2. Mengembalikan sepenuhnya tugas dan fungsi serta peran Sekretaris Dinas untuk menjalankan peran kesekretariatan terutama berhubungan pada tata kelola administrasi surat menyurat.

2 hal tersebut menjadi instrumen utama dalam rangka meminimalisir dan atau meniadakan adanya ruang tempat bertemunya perwakilan perusahaan/instansi atau pelaku pemohon surat untuk bisa bertemu langsung dengan pejabat dinas teknis pada ruang lingkup permohonannya.

Heru MAKI menjelaskan bahwa peluang atau celah terjadinya kejahatan pemerasan pada Dinas ESDM Jatim,salah satunya adalah tidak adanya pemberlakuan 2 kebijakan diatas.

Sesuai info valid yang berhasil digali,dipastikan bahwa Kepala Dinas ESDM yang terjerat kasus pemerasan bersama Kabid bidang Pertambangan ESDM Jatim menerapkan sistem tanda tangan basah untuk perihal surat permohonan ijin tambang.

Bukan hanya itu,ditemukan juga data valid bahwa untuk surat permohonan yang seharusnya dikirimkan ke kantor Dinas ESDM dan diterima lebih dulu oleh Sekretaris Dinas dalam ruang kesekretariatannya serta TERCATAT,pada kenyataannya lalu lintas surat menyurat akhirnya di bypass langsung menuju Kepala Dinas dan Kabid tanpa melewati Sekretaris Dinas.

Penerapan kebijakan untuk kedua hal diatas harusnya juga menjadi konsep pondasi dasar bagi OPD teknis Pemprov Jatim lainnya dengan menerapkan tanda tangan digital dan mempertajam peran sekretaris dinas.

Apabila ke 2 kebijakan tersebut dilakukan,secara rapi serta sistematis,pelaporan penerimaan surat akan tercatat dengan terperinci dan menutup celah bagi pejabat teknis terkait untuk bisa bertemu secara kedinasan dengan instansi atau pribadi pemohon surat.

“Sudan saatnya kita perinci aktualisasi reformasi birokrasi pada jajaran OPD di lingkungan Pemprov Jatim dengan menerapkan 2 kebijakan tersebut dan memberlakukannya secara profesional serta transparan,”tegas Heru MAKI.

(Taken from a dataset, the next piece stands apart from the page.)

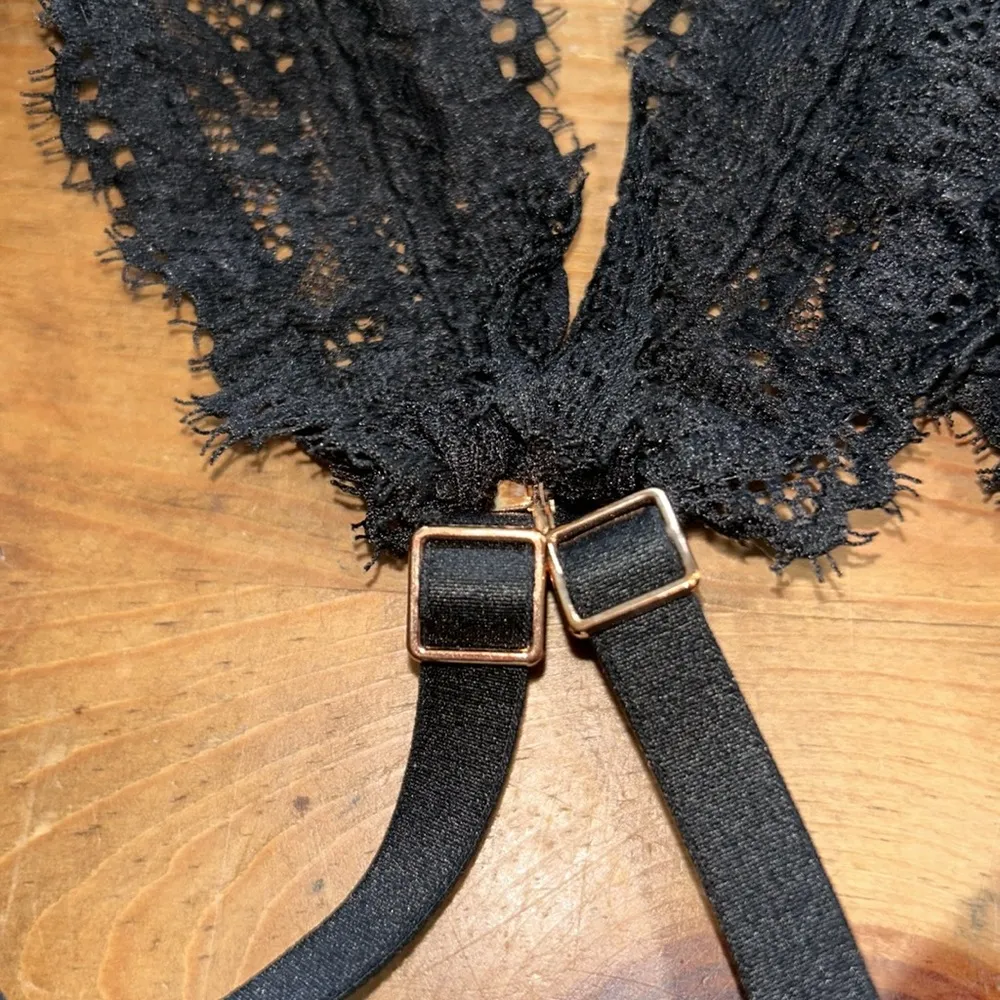 Aerie Black Lace Triangle Bralette Size Large - Image 10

Menurut Heru MAKI,tusi Inspektorat Jawa Timur sebagai Aparat Pengawas Inernal Pemerintahan juga semakin dipermudah juga untuk melakukan fungsi pengawasannya hanya dengan melihat rekam jejak lalu lintas surat pada sekretariatan Sekretaris Dinas.

Surat keluar sma surat masuk bisa dipantau dengan mudah,ditambah lagi penerapan tanda tangan digital,menjadi narasi utama untuk meminimalisir pertemuan dan mempercepat tugas teknis yang diemban sesuai amanah masing masing,terutama pada OPD teknis.

Dalam kesempatan lanjutan,Heru MAKI berencana akan menghadap Sekdaprov Jatim dan Kepala Inspektorat Jawa Timur,untuk memastikan perihal 2 kebijakan diatas apakah sudah dilakukan maksimal terutama pada OPD teknis penerbit kebijakan atau Policy atau hanya sebatas euforia belaka.